The findings of Lund et al. (p. 585) that glucagon may have an extrapancreatic origin and likely be gut-derived suggest there may be additional avenues of treatment for hyperglycemia in diabetes. While insulin deficiency or defects in its production rule diabetes progression, elevated levels of glucagon can also contribute to hyperglycemia and, up until now, the hormone has been thought to originate in the pancreas. This small controlled study measured the circulating glucagon levels in insulin-treated patients with diabetes or control subjects who underwent oral glucose tolerance tests and a corresponding isoglycemic intravenous glucose infusion. The crucial difference between the two experimental groups was that the test group had all undergone a total pancreatectomy (i.e., they had no pancreas). The control subjects were healthy and intact in terms of a pancreas.
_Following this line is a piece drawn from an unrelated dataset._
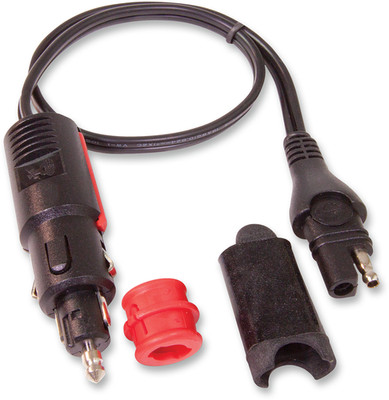 Tecmate OptiMate SAE to DIN Plug Adapter Inline Fuse Universal O-02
The authors then applied novel sandwich ELISA and proteomics techniques to accurately quantify the picomolar levels of glucagon in the blood of the volunteers before, during, and after the two sequential tests for glucose levels in the blood. According to the authors, the results show that “glucagon circulates in patients without a pancreas and that glucose stimulation of the gastrointestinal tract elicits significant hyperglucagonemia in these patients.” Commenting more widely on the outcomes of the study, author Filip K. Knop stated: “These findings stress that the pancreas is not the only source of glucagon and clearly indicate that the classical conception of glucagon as a pancreas-specific hormone in man needs redefinition. Also, our results may constitute the basis for a novel explanation of the postprandial hyperglucagonemia observed in patients with other forms of diabetes where similar glucagon secretory patterns after oral and intravenous glucose have been observed. Thus, we now face an enormous and exciting challenge in describing the completely uncharted implications of extrapancreatic glucagon and its role in diabetic pathophysiology. I hope that our findings will give renewed fuel to the scientific and clinical interest in the neglected hormone of diabetes, glucagon.”